Semenjak itu, beberapa endokanabinoid dan reseptornya berhasil ditemukan. Para ilmuwan mulai menyadari bahwa endokanabinoid berinteraksi dengan jaringan neurologis yang spesifik—mirip dengan yang dilakukan endorfin, serotonin, dan dopamin.

Mechoulam mencatat, olahraga terbukti meningkatkan kadar endokanabinoid dalam otak, dan “mungkin inilah penyebab sensasi euforia yang dirasakan penggemar joging saat berlari dengan intens.” Senyawa ini, ia menjelaskan, agaknya berperan penting dalam fungsi dasar seperti ingatan, keseimbangan, gerakan, kesehatan dan kekebalan tubuh, juga perlindungan saraf.

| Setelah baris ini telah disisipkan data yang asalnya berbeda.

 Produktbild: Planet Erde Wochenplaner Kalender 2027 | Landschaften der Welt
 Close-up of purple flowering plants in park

Biasanya, perusahaan farmasi yang memproduksi obat berbahan ganja berupaya memisahkan senyawa individu dari tanaman ini. Namun demikian, Mechoulam menduga kuat bahwa dalam kasus tertentu, zat kimia itu bekerja jauh lebih ampuh jika dipadukan dengan senyawa lain yang ada di dalam ganja. Ia menyebutnya euntourage effect—efek pengiring, dan itu baru satu dari sekian misteri ganja yang  perlu diusut.

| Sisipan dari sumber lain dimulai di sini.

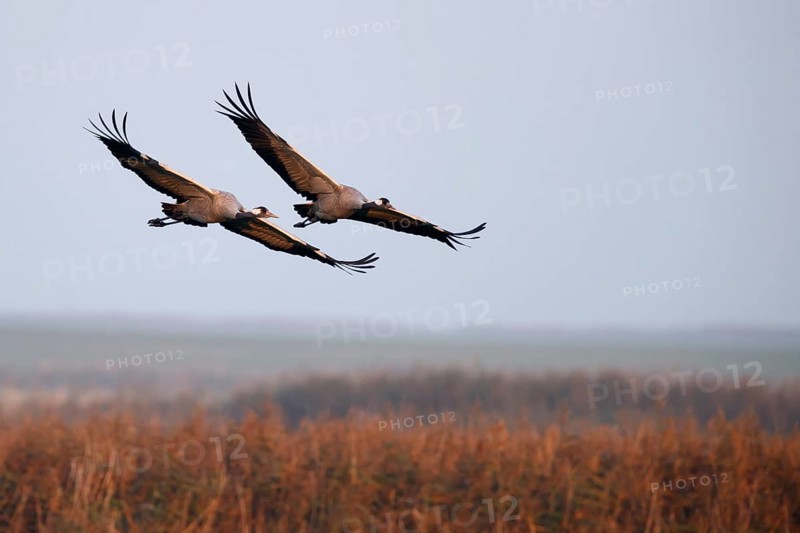 Common crane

“Kami baru mengorek di permukaan,” katanya, “dan saya sangat menyesal karena saya tak punya jatah kehidupan lain yang bisa diabdikan untuk bidang ini. Bisa jadi kita bisa saja menemukan bahwa, kanabinoid memiliki keterlibatan dalam semua penyakit manusia.”

!break!

AHLI BOTANI

Menyambut Cahaya

Di seberang kantor polisi di wilayah industri Denver, gedung raksasa seluas 4.000 meter persegi itu menghuni hamparan gudang perkotaan yang dialihfungsikan menjadi rumah pertanian mariyuana dan dijuluki Green Mile. Pintu mendengung terbuka, dan saya disambut oleh pimpinan ahli hortikultura Mindful, salah satu perusahaan ganja terbesar di dunia. Phillip Hague berusia 38, dengan mata biru tajam. Saat itu ia mengenakan seragam dan sepatu hiking, dengan senyum tawar menunjukkan orang yang telah menemukan panggilan hidupnya.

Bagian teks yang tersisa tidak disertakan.